Problem details - Range to output from the entries below: the line containing "Pomerol. In den" through the line containing "De zomerkoningjes, de aardbij". Set it down exactly, ends included, nothing else.

Available records -
--
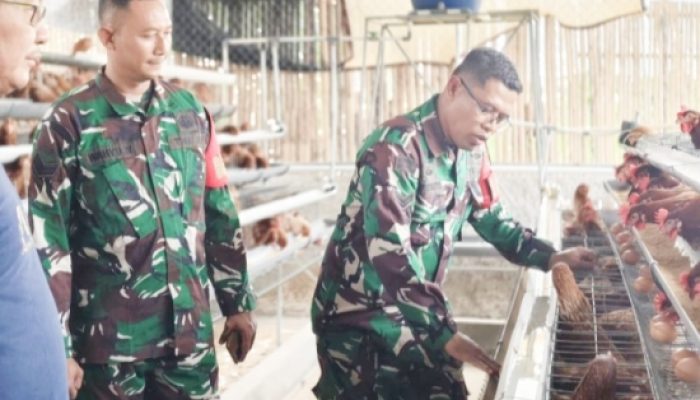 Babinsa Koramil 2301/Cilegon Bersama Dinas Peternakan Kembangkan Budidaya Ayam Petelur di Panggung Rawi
--
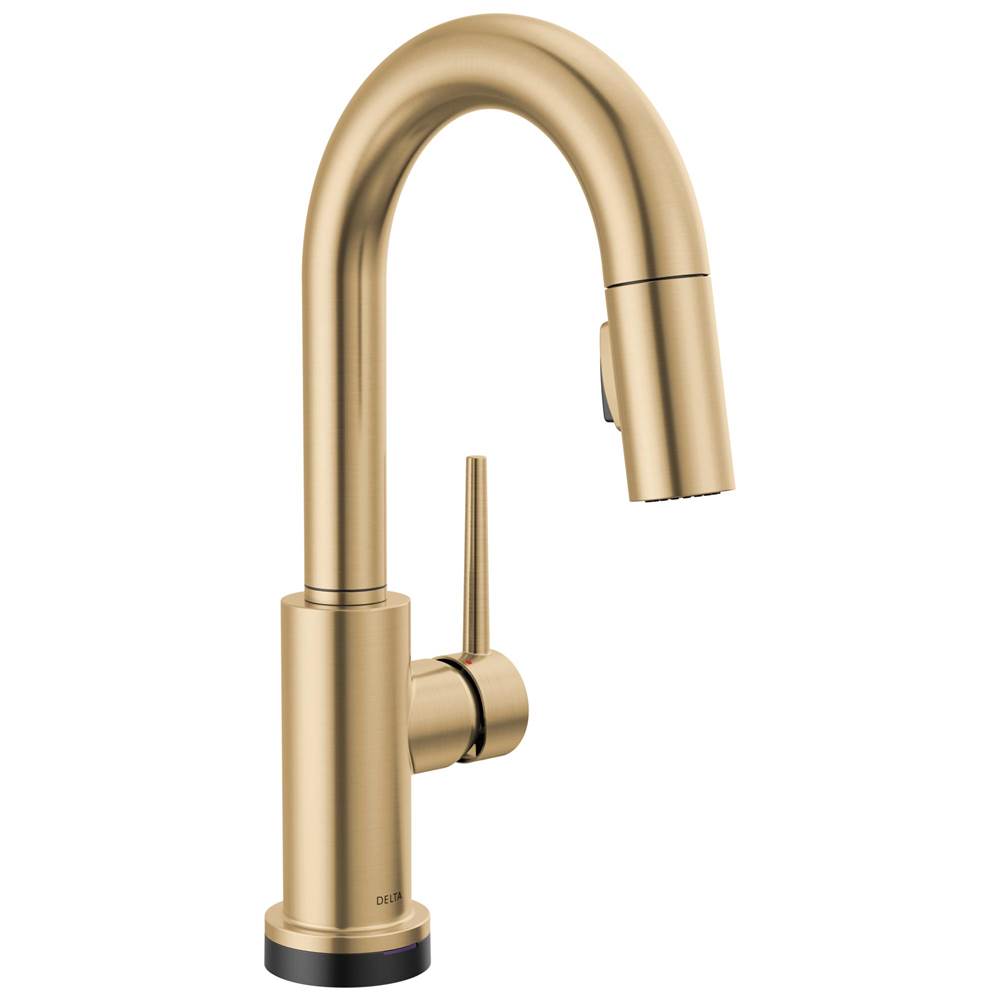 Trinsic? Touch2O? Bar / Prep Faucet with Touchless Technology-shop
--
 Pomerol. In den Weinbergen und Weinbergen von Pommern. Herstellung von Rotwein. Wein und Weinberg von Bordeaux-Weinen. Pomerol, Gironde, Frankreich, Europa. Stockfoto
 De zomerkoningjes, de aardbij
--
Finished exercise -
 Pomerol. In den Weinbergen und Weinbergen von Pommern. Herstellung von Rotwein. Wein und Weinberg von Bordeaux-Weinen. Pomerol, Gironde, Frankreich, Europa. Stockfoto
 De zomerkoningjes, de aardbij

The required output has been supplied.